Type of Document Master's Thesis Author Cisneros, Ruben Abe Author's Email Address firstname.lastname@example.org URN etd-04262011-150353 Title Provenance and Origin of Holocene Beach Ridge and Modern Beach Sands from the Costa de Nayarit, western Mexico Degree Master of Science (M.S.) Department Geology & Geophysics Advisory Committee
Advisor Name Title Nunn, Jeffery Committee Chair Blum, Michael Committee Member Byerly, Gary Committee Member Keywords
- Holocene sedimentology
- Coast of Nayarit
- wave-dominated coastal environment
- beach ridges
- progradational shoreface succession
Date of Defense 2011-04-04 Availability unrestricted AbstractThe Costa de Nayarit in western Mexico is a classic modern example of the progradation of a coastline in a wave-dominated depositional environment. Throughout the Pleistocene, sediments have been brought to the Costa De Nayarit via three major river systems, the Rio Grande de Santiago, the Rio San Pedro and the Rio Acaponeta. These river systems obtain their sediments from two distinctly different volcanic provinces within central Mexico, the Sierra Madre Occidental (SMO), a volcanic province characterized by its predominance of felsic volcanism (rhyolites) and pyroclastic flows (welded ash flow tuff and ignimbrite), and the Trans-Mexican Volcanic Belt (TMVB), which is characterized by its predominance of mafic and intermediate volcanism (basalts and andesites). Petrographic studies of sediment samples collected from these river systems and the modern beaches of the Costa de Nayarit along with Scanning Electron Microscope (SEM) and electron Microprobe chemical analyses, provide insight into the provenance of sediments from each river system as well as to where the sediments on the modern beaches are originating.
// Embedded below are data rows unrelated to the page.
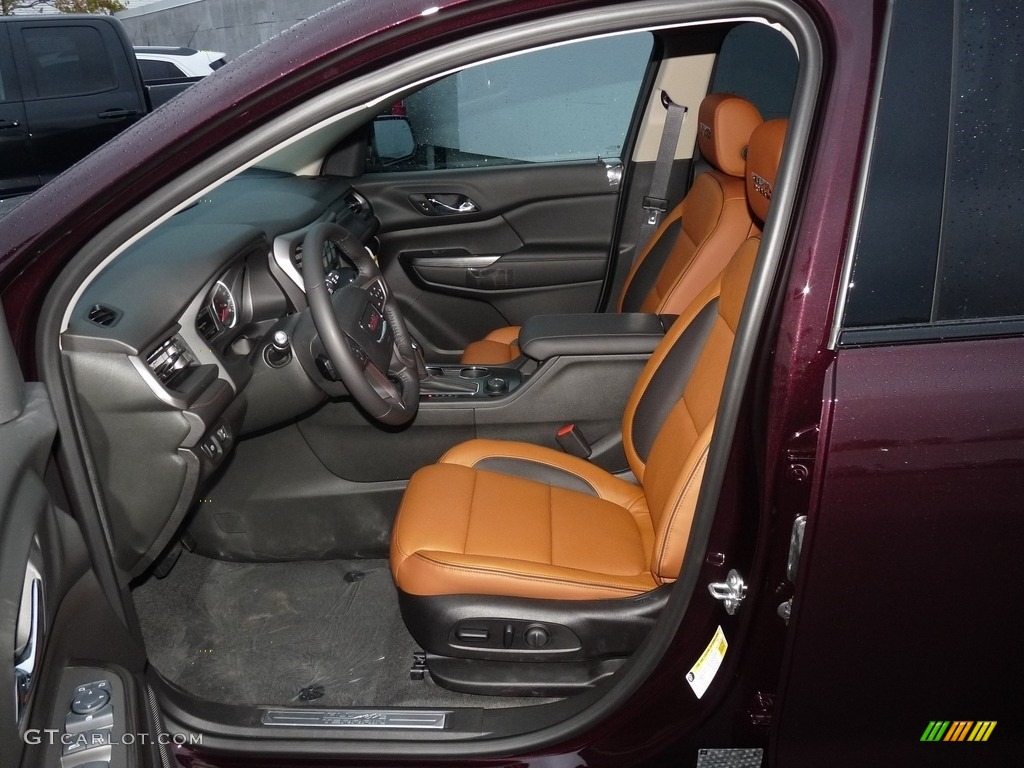 Jet Black/Kalahari Interior 2017 GMC Acadia All Terrain SLT AWD Photo #118019265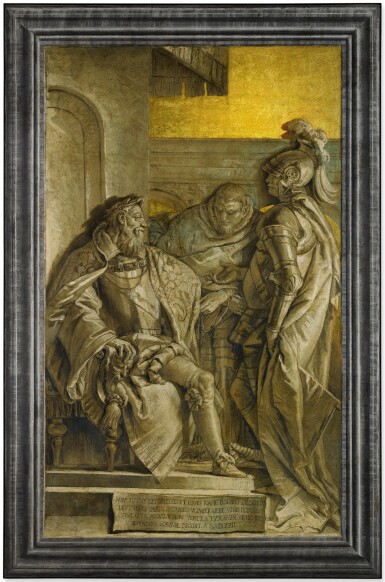 View full screen - View 6 of Lot 18. A Set of Six Paintings depicting the Celebrated Deeds of the Porto Family of Vicenza.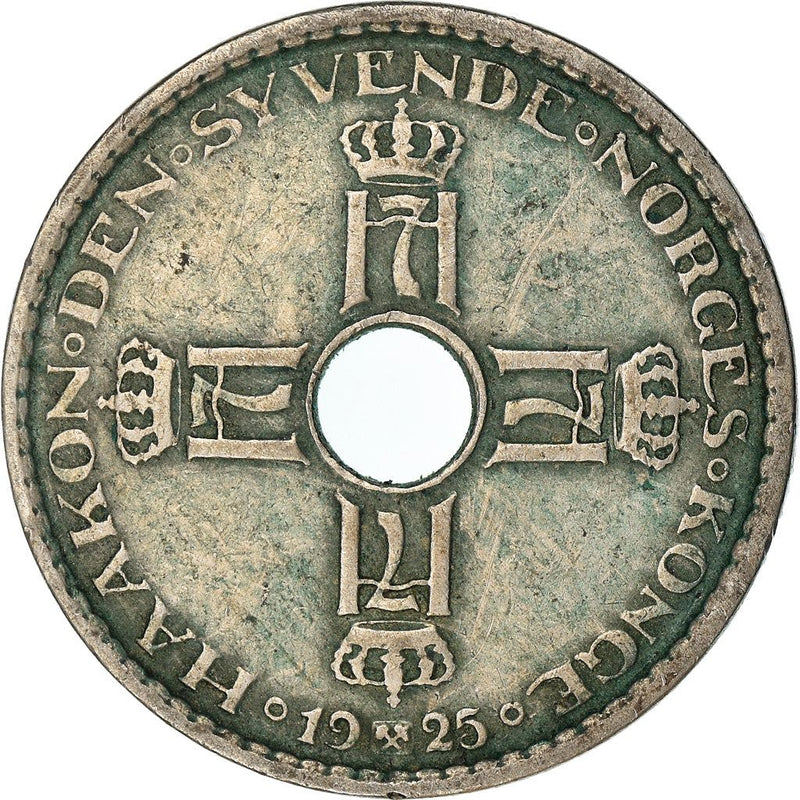 Norway 1 Krone - Haakon VII Coin KM385 1925 - 1951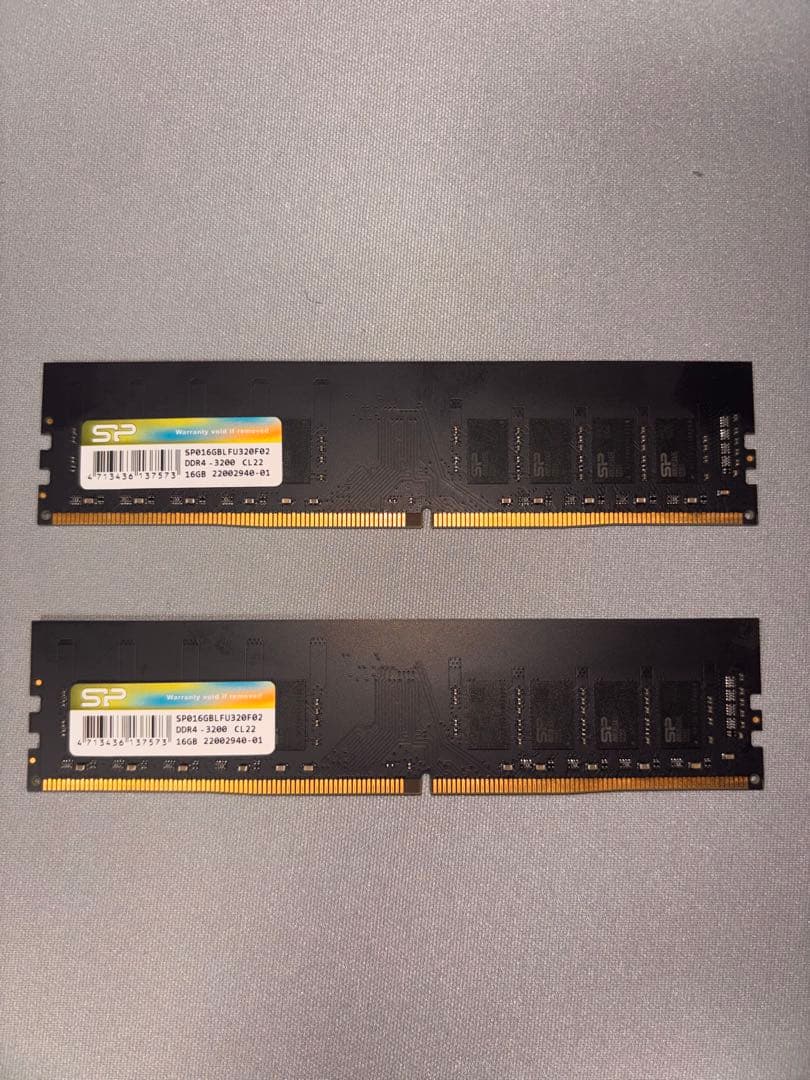 デスクトップ用メモリ DDR4 3200 16GB×2枚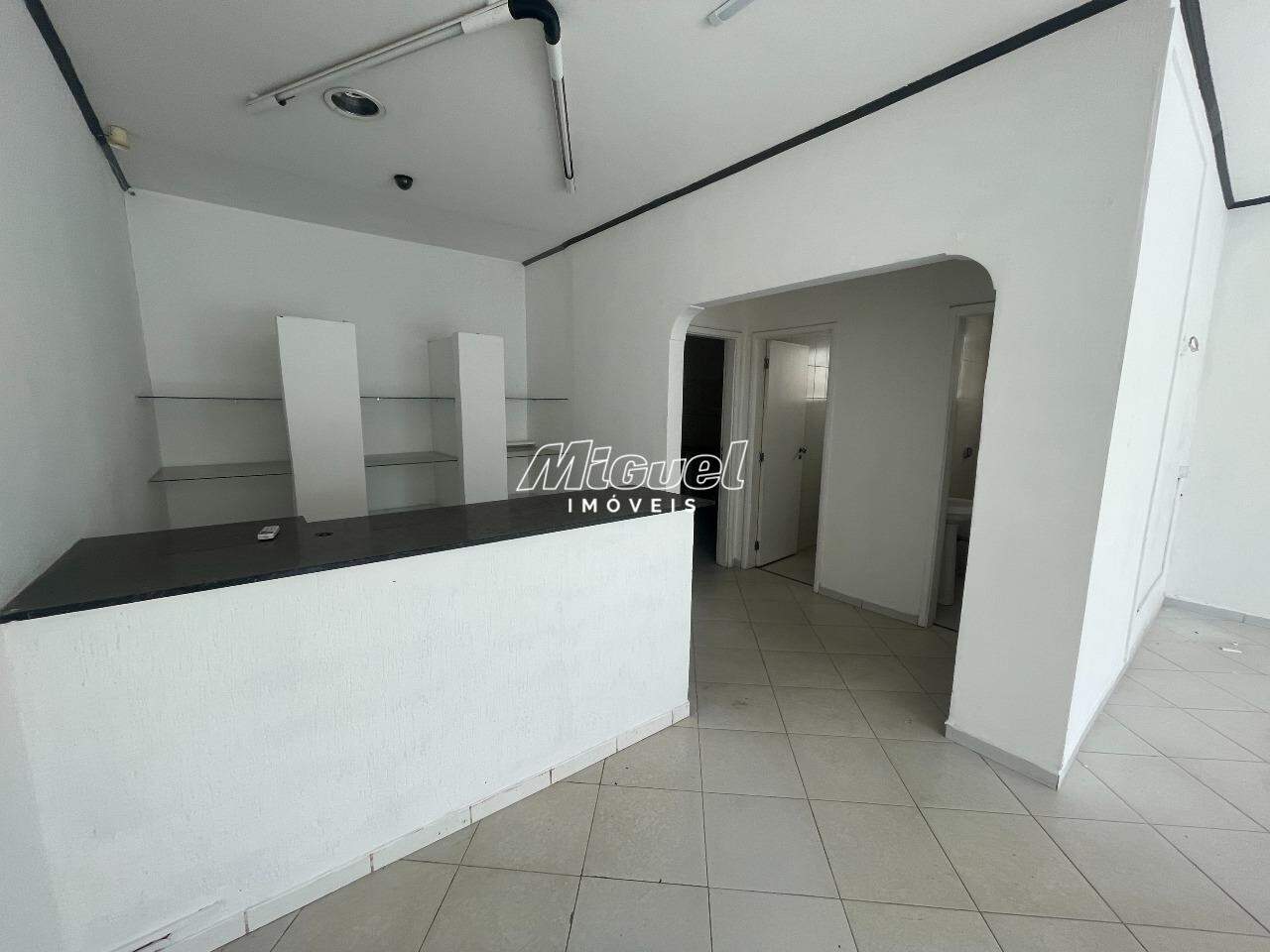 Salão Comercial, para aluguel, Alto - - Piracicaba/SP:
Progradation in a wave-dominated depositional environment results from the construction and successive accretion of shoreface successions (beach ridges) to the coastline. Studying sediment samples from the shoreface succession (beach ridges) constructed during the current Holocene sea-level highstand along the Costa de Nayarit determined that they are made up of a mixture of sediments sourced from longshore transportation of Rio Grande de Santiago/Rio San Pedro (RGS/RSP) paleo-river sediment and onshore transportation of reworked sediment from the drowned RGS/RSP paleo-river delta constructed on the continental shelf during the previous sea-level lowstand in the Pleistocene. The study also determined that sediments of the southern shoreface successions (beach ridges) were more influenced by longshore transportation of RGS/RSP paleo-river sediments than the northern shoreface successions (beach ridges), which were more influenced by sediments being reworked from the continental shelf and transported onshore.